| Exercise brief |
Retype every record exactly. Skip the images.

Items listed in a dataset
[Start of section]

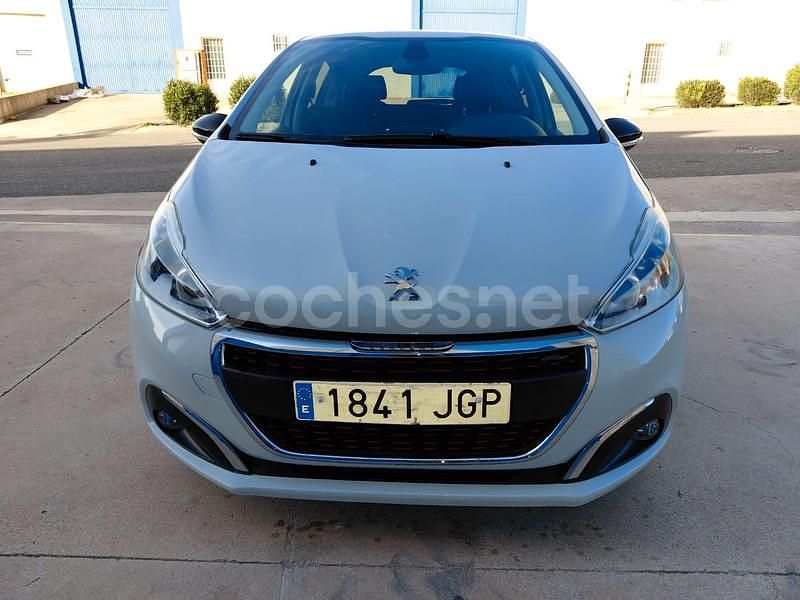 Usado Peugeot 208 Active 110 CV (80 kW) 2015 Blanco Utilitario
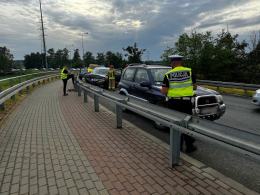 Zderzenie dwóch pojazdów na ulicy Niemodlińskiej. Jedna osoba poszkodowana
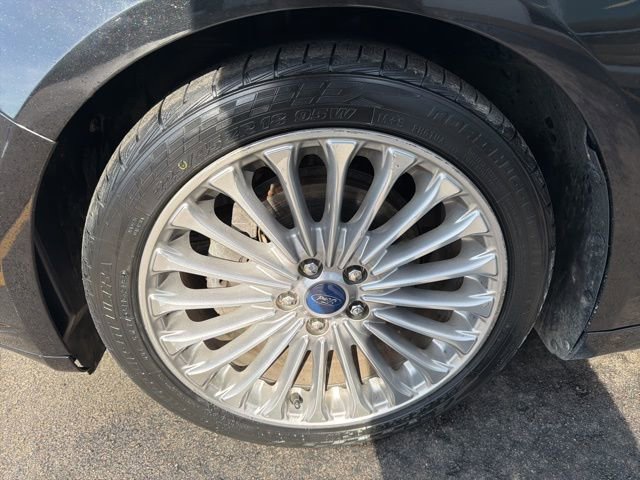 Used 2014 Ford Fusion Titanium image 30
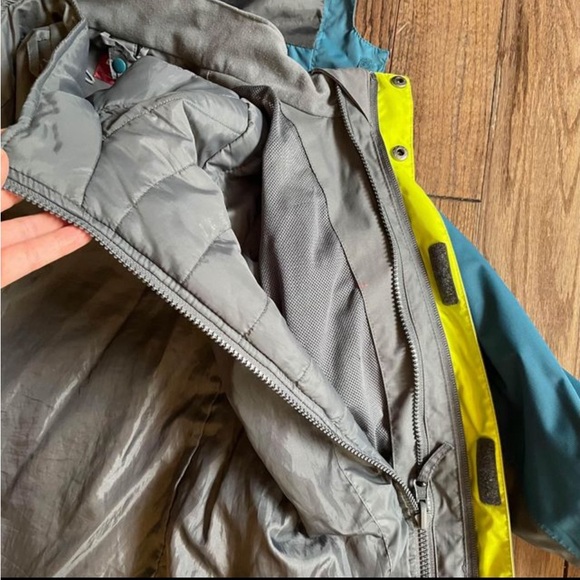 Mountain Warehouse 3-in-1 waterproof jacket - Picture 5 of 6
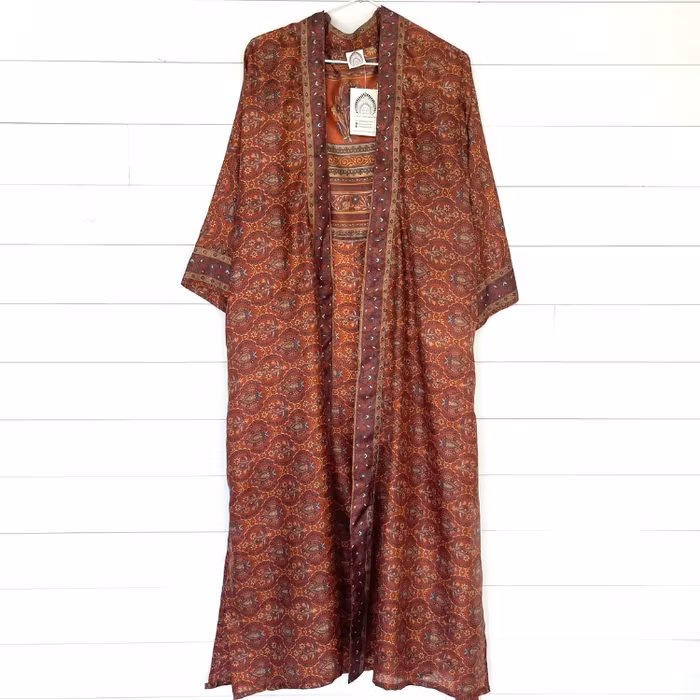 Kimono Uma återvunnen sari Nr 171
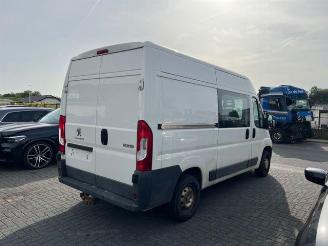 Peugeot Boxer III 2,0HDI Premium 335 Fourgon 5Sitzer picture 6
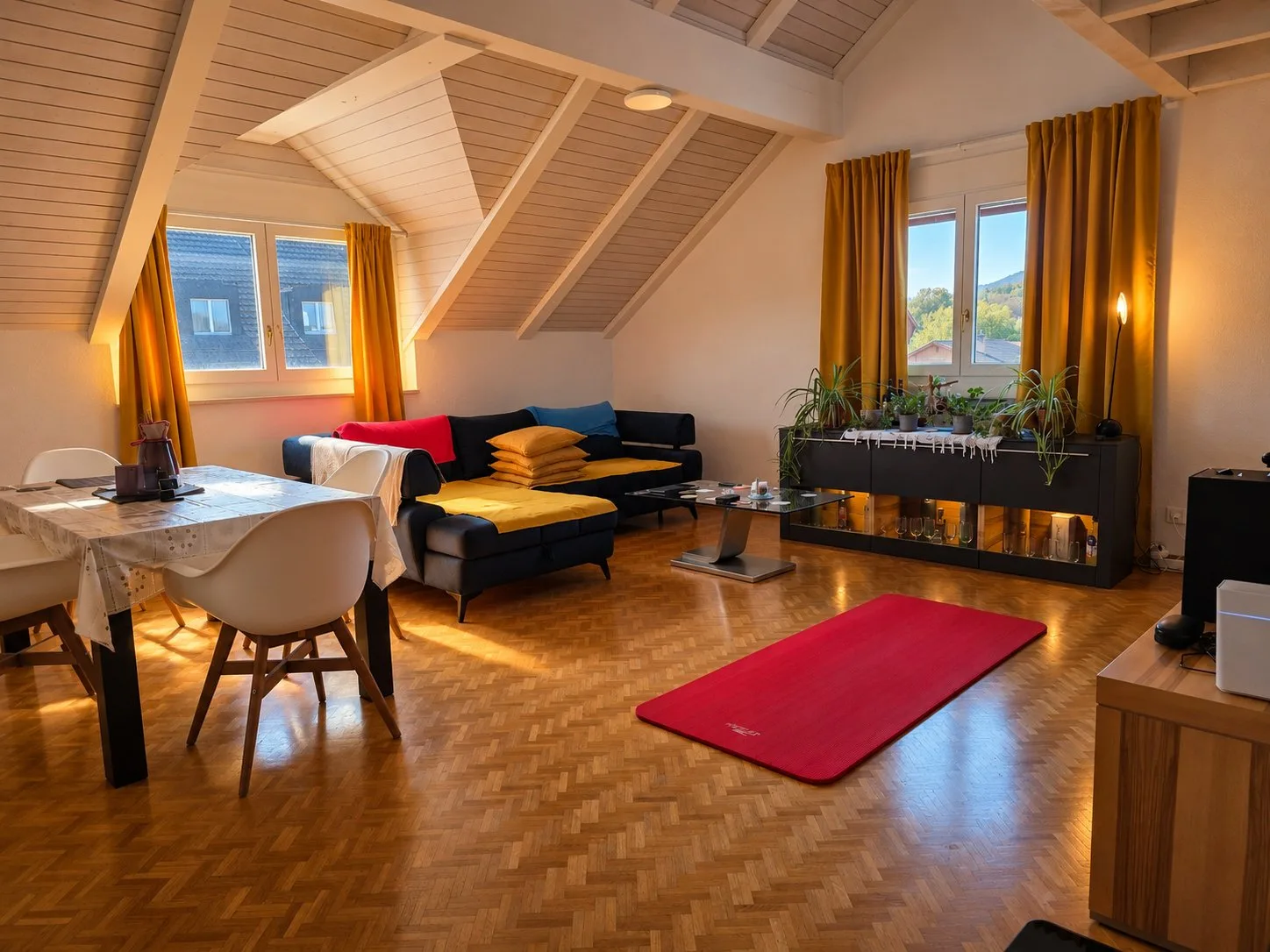 Wohnen mit Charme, zentral gelegen mit Galerie und viel Platz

[End of section]

| Solution |
 Usado Peugeot 208 Active 110 CV (80 kW) 2015 Blanco Utilitario
 Zderzenie dwóch pojazdów na ulicy Niemodlińskiej. Jedna osoba poszkodowana
 Used 2014 Ford Fusion Titanium image 30
 Mountain Warehouse 3-in-1 waterproof jacket - Picture 5 of 6
 Kimono Uma återvunnen sari Nr 171
 Peugeot Boxer III 2,0HDI Premium 335 Fourgon 5Sitzer picture 6
 Wohnen mit Charme, zentral gelegen mit Galerie und viel Platz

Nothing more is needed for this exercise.